The report was published last week (10 September) and is based on data from company and market reports for 2011, with updates on new acquisitions, legal proceedings and mergers for 2012-13.
The updates show a 'trend of consolidation and expansion', particularly into the markets of the global South, according to Kathy Jo Wetter, ETC Group's research programme manager.
She says that increased consolidation has created a cartel across agribusiness sectors: cross-licensing and joint ventures reveal the cosy relationship between supposed competitors.
'Cartels can exercise power in different ways. It's not just about price-fixing. It's also about technological control,' she says.
The report says that technological control over food production, via patent-protected seeds for example, comes at the expense of traditional farming methods often used in developing countries, and usually entails the use of crop monocultures, industrial fertilisers and pesticides.
'The entrance of these multinationals means a complete overhaul of the way agriculture works in the global South and the effects — the [crop] uniformity, the increase in chemical inputs — are particularly dangerous in a time of climate change,' says Wetter.
But Kimberly Ann Elliott, a senior researcher at the US-based Center for Global Development, a non-profit think-tank, says the report fails to quantify any harm caused by agribusinesses' consolidation in developing countries.
'Certainly concentration in any business sector potentially raises lots of problems,' says Elliott, 'but what was unclear from the documentation of these mergers and acquisitions is whether the effects were good or bad. From this report, we just don't know.'
Elliott adds that agricultural R&D in developing countries lacks investment and that 'it would be a good thing if we could get some private sector resources going into innovation for developing country agriculture'.
The ETC Group's report also touches on a larger debate about how to sustainably increase agricultural productivity.
Industrial farm monocultures are more productive per hectare for a single crop variety, according to the report, but diversified small-scale farms can produce more food per hectare overall.
Wetter argues that the continued expansion of industrial farming will actually mean less food production globally.
And she believes that more independent research needs to be carried out to critically assess the productivity of different agricultural systems.
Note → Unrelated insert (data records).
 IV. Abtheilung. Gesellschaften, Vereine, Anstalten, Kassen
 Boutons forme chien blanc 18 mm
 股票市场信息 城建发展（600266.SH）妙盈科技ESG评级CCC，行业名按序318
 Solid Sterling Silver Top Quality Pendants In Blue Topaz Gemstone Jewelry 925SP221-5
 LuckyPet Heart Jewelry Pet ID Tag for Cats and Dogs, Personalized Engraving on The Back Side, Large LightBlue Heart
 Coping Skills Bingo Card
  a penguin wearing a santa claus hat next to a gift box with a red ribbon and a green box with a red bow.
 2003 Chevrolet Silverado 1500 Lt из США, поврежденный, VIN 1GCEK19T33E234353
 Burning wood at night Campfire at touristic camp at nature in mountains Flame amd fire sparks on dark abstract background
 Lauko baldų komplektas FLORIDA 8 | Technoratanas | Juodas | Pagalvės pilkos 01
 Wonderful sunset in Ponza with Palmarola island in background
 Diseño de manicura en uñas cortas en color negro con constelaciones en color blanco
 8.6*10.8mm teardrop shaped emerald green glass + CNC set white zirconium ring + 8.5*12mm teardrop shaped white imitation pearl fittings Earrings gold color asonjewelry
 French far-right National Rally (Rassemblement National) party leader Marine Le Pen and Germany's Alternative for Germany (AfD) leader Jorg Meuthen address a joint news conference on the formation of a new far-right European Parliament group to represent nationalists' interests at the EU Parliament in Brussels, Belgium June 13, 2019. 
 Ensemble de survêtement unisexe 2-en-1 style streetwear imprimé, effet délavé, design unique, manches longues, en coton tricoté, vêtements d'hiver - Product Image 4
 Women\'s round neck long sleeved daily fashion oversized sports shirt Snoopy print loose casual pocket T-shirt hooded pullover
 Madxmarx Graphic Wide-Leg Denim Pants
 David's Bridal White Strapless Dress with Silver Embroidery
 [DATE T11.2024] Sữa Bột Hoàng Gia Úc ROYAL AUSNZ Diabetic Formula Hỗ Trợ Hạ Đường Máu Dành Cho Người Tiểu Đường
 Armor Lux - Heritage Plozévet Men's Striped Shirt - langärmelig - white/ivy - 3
'What we're trying to do is question the dominant paradigm that only industrial agriculture can feed people,' she says. 'The first step is to stop relying on agribusiness for information on how productive it is and to actually ask the question sincerely and try to figure it out.'
The report makes a series of recommendations to national and international bodies with the aim of limiting the monopoly on intellectual property over vital agricultural resources.